At the moment, we are supporting only the AWS deployments. Therefore, we are going to use the AWS backup service, as described in this document (the link is private).

AWS

RDS

RDS backups are on by default. We are already allowing the configuration of the retention period, but we should make it default to the max value (35).

MongoDB Atlas

We are already supporting cloud backups with MongoDB Atlas in our Terraform scripts. In addition to this, we should also set up the backup schedule and keep its restore window in sync with the retention period from AWS RDS.

S3

We have already done a discovery about this over 3 years ago - BB-182 (private link). The results are described in this discovery document. We have decided to use the bucket versioning for S3 backups. The approach hasn't changed too much since then, and we have been using it with Ocim for almost 3 years. This approach protects the data only from accidental deletion and modification.
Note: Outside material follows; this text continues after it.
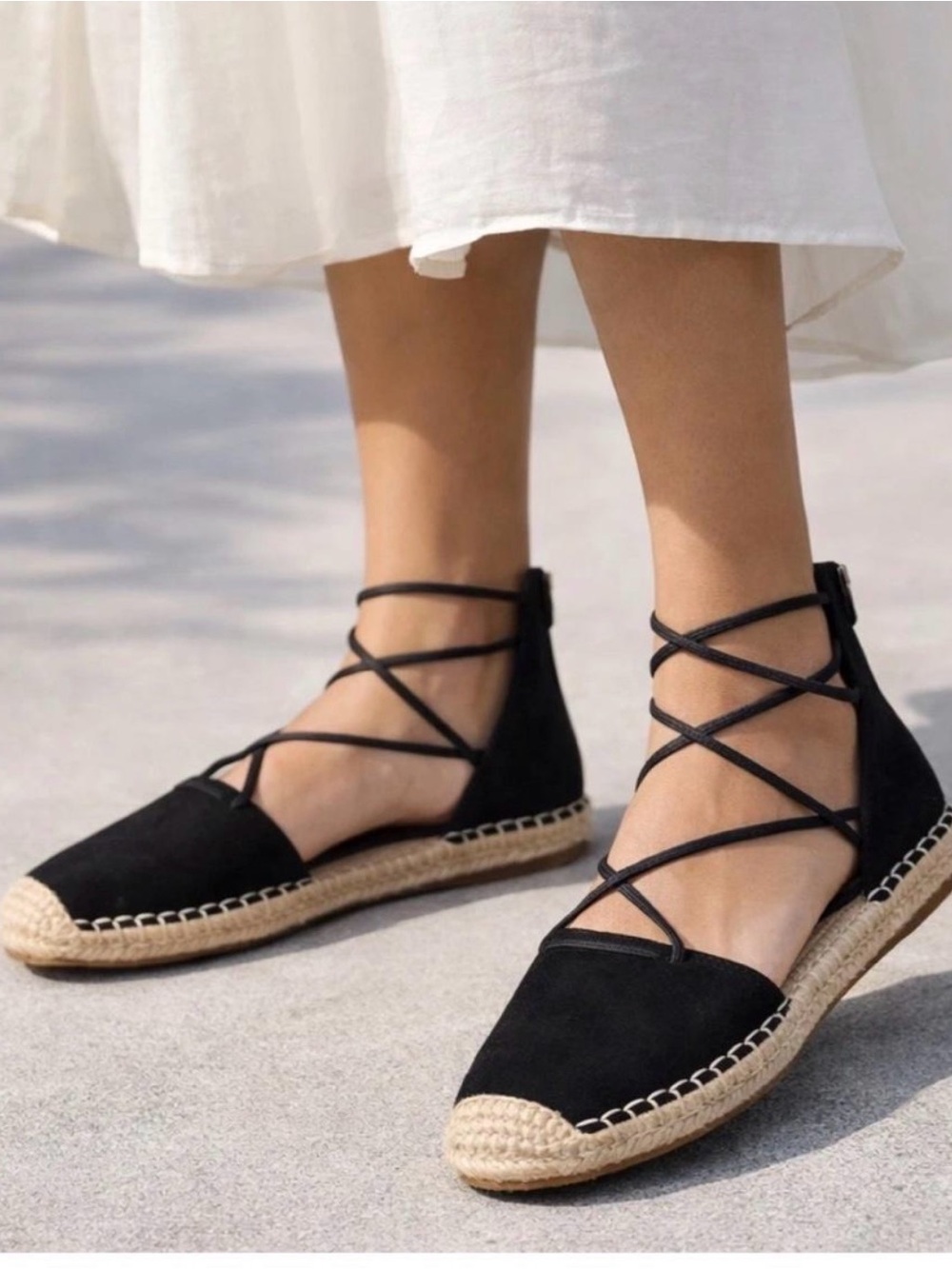 Eileen Fisher Women's Espadrille Shoe Size 7 Elastic Lace Ankle Strap Flat Black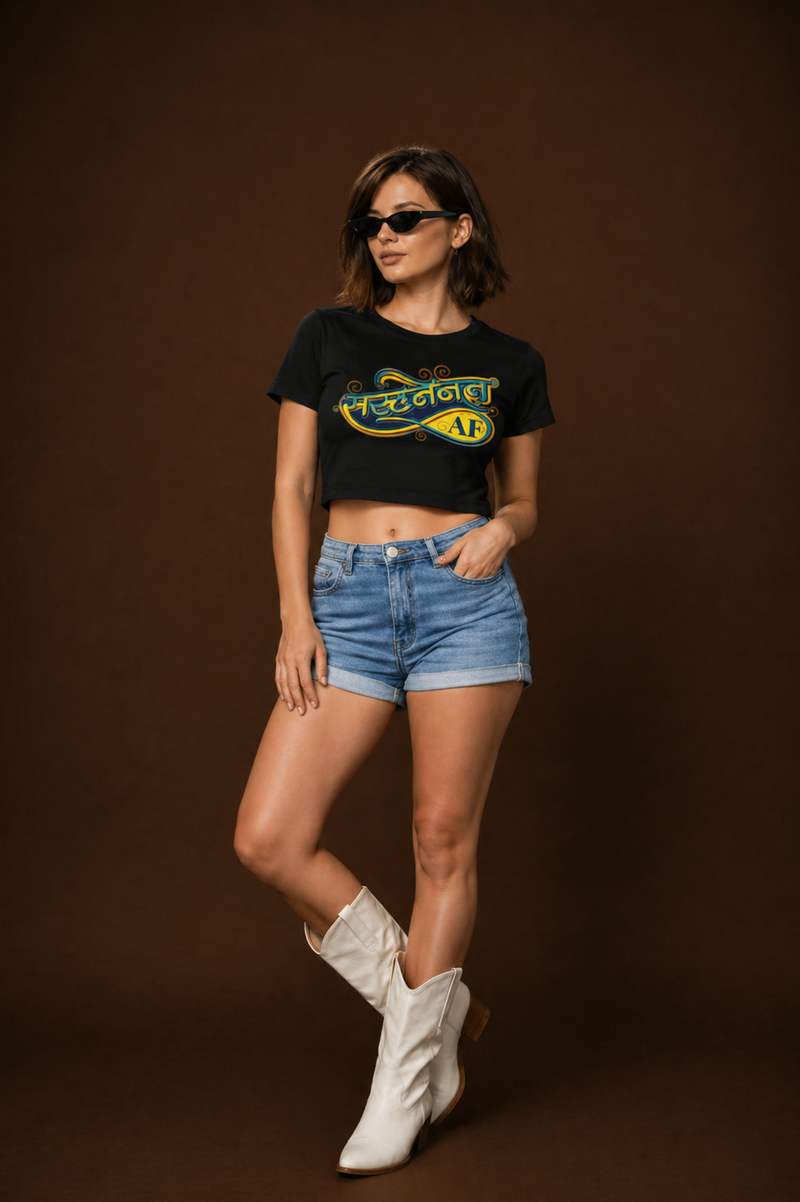 Cotton T shirts for Women Crop Top | Fitted Stretch Crop Tee | Comfortable Cotton Blend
How the bucket versioning works

  • When we add an object (via PUT, POST, or COPY), S3 adds a unique ID that determines its version:
    S3 versioning PUT request
  • When we GET the object with the specific key, the one with the most recent version is returned:
    S3 versioning GET request
  • When we DELETE an object, a "Delete Marker" is added as the current version of that object; the previous version becomes the non-current version:
    S3 versioning DELETE request
  • "Delete Markers" are placeholders with their own Key and ID. If we DELETE an object that has the "Delete Marker" on its "top", a new marker will be added:
    S3 versioning double DELETE

How to restore overwritten objects

  • COPY (duplicate) the object:
    S3 versioning restore COPY
  • DELETE all newer versions (or "Delete Markers", but they can be deleted only by the bucket owner):
    S3 versioning restore DELETE

For now, we are going to use the following lifecycle rules for data cleanup (we will set them up with Terraform):

<LifecycleConfiguration>
    <Rule>
       <ID>Clean up</ID>
        <Filter>
          <Prefix></Prefix>
        </Filter>
        <Status>Enabled</Status>
        <Expiration>
           <ExpiredObjectDeleteMarker>true</ExpiredObjectDeleteMarker>
        </Expiration>
        <NoncurrentVersionExpiration>
            <NoncurrentDays>30</NoncurrentDays>
        </NoncurrentVersionExpiration>
    </Rule>
</LifecycleConfiguration>

If we want archive old file versions, we can set up AWS Glacier transitions with the following rules. However, we need to remember that this is not going ot be a full backup, but only an archive of old file versions.

<LifecycleConfiguration>
   <Rule>
       <ID>Archive and clean up</ID>
       <Filter>
          <Prefix></Prefix>
       </Filter>
       <Status>Enabled</Status>
       <Expiration>
           <ExpiredObjectDeleteMarker>true</ExpiredObjectDeleteMarker>
        </Expiration>
       <NoncurrentVersionTransition>
           <NoncurrentDays>30</NoncurrentDays>     
           <StorageClass>STANDARD_IA</StorageClass>  
       </NoncurrentVersionTransition>
       <NoncurrentVersionTransition>
           <NoncurrentDays>60</NoncurrentDays>     
           <StorageClass>GLACIER</StorageClass>  
       </NoncurrentVersionTransition>
       <NoncurrentVersionExpiration>
           <NoncurrentDays>90</NoncurrentDays>
       </NoncurrentVersionExpiration>
   </Rule>
</LifecycleConfiguration>

Potential future improvements

Amazon has recently announced an alternative way of backing up S3 data. AWS Backup is a centralized backup solution. It already supports RDS through its native database snapshots. However, the S3 support is currently in the Preview version and works in the US West region. Therefore, it doesn't make sense to look into this now, but it could be a way of making full backups of S3 buckets in the future.

DigitalOcean

Spaces

DigitalOcean's Spaces support lifecycle rules, just like AWS S3 buckets. We can reuse the proposed configuration here.

Note: Spaces do not support version-related transitions at the moment, so archiving old versions is not possible.

MySQL

Managed MySQL instances are backed up daily, with 7-day retention. This is not configurable at the moment.

MongoDB

Managed MongoDB instances are also backed up daily, with 7-day retention. This is not configurable at the moment.